**** RECORDS SHOWN

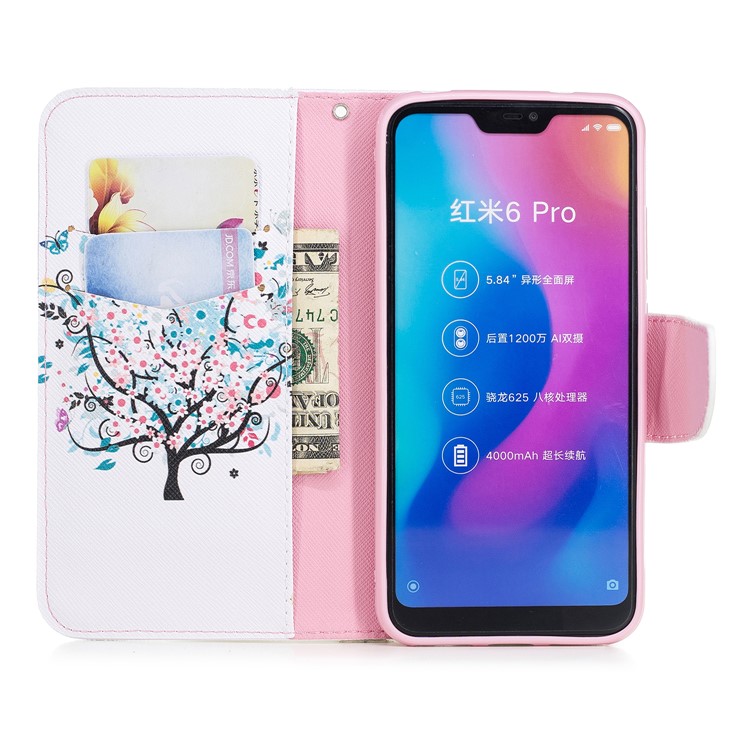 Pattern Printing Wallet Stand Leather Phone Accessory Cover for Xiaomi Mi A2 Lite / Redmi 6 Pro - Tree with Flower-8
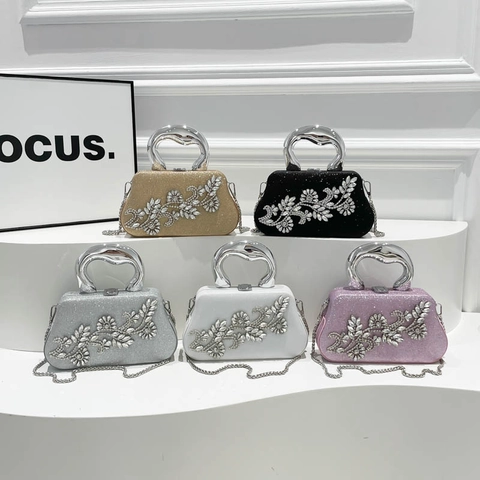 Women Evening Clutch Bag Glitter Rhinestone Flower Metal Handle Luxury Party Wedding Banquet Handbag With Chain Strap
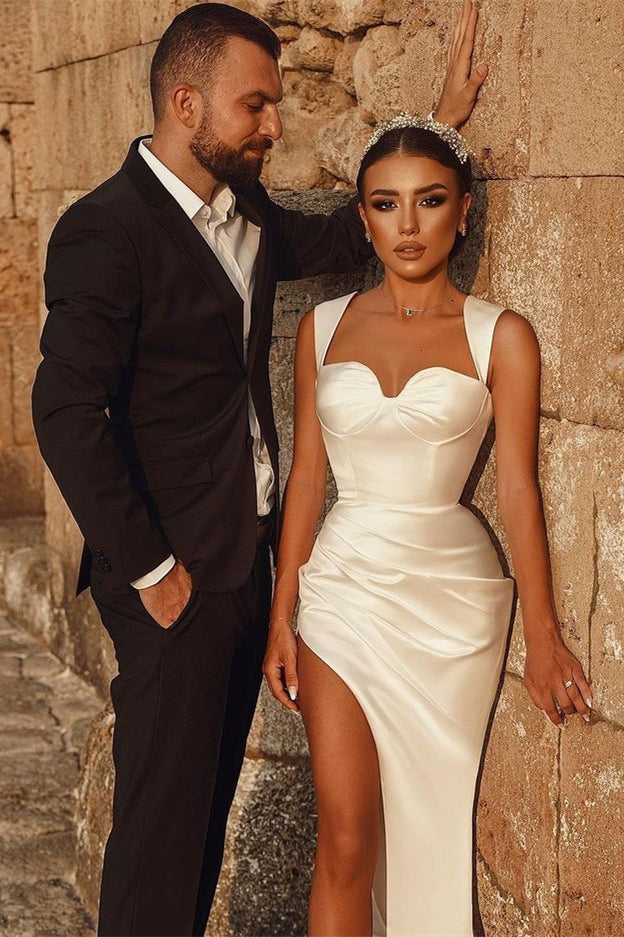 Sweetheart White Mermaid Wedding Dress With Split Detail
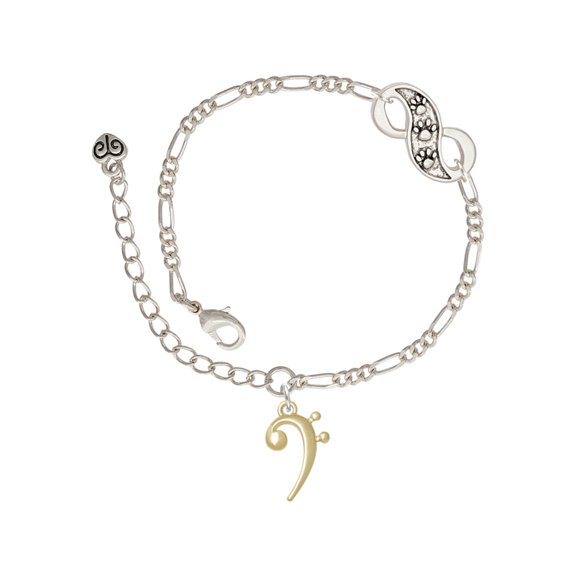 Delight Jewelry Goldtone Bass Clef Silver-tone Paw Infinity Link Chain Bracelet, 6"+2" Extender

********
**** RECORDS SHOWN

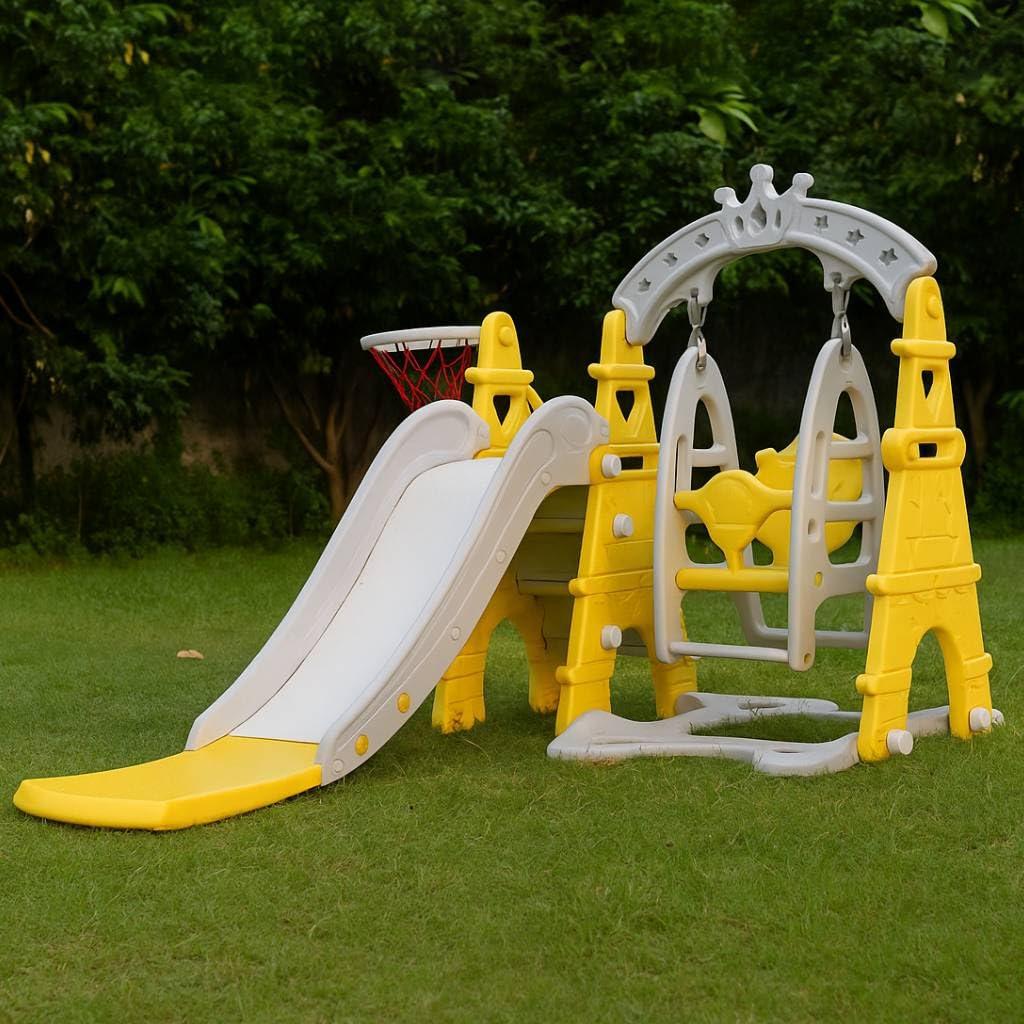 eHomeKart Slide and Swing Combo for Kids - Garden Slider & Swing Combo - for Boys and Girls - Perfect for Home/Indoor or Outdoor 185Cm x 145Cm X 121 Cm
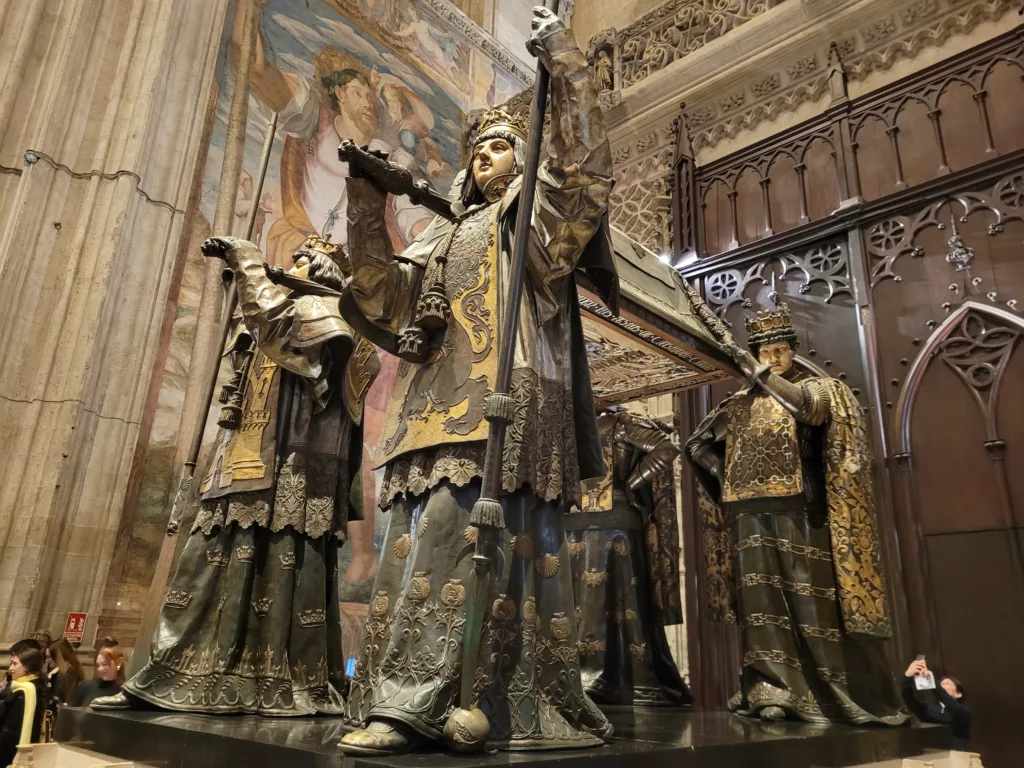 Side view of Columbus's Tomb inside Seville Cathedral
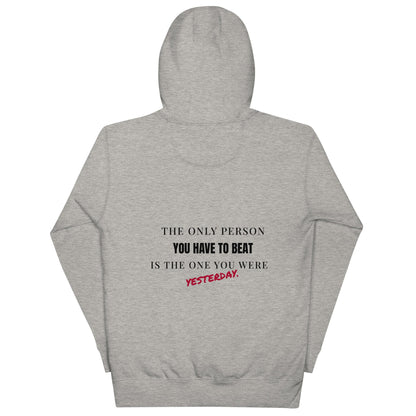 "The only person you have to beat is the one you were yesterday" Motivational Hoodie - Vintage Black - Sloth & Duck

********
**** RECORDS SHOWN

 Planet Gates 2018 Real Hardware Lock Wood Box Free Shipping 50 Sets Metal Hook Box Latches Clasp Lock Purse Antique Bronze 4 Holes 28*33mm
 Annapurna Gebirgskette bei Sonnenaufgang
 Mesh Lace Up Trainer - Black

********

▶ **WHAT YOU SHOULD DO**
Beginning at the line that has "eHomeKart Slide and" and ending at the line that has "Sloth & Duck", restate the listing above word for word, pictures left out.

▶ **TASK RESPONSE**
 eHomeKart Slide and Swing Combo for Kids - Garden Slider & Swing Combo - for Boys and Girls - Perfect for Home/Indoor or Outdoor 185Cm x 145Cm X 121 Cm
 Side view of Columbus's Tomb inside Seville Cathedral
 "The only person you have to beat is the one you were yesterday" Motivational Hoodie - Vintage Black - Sloth & Duck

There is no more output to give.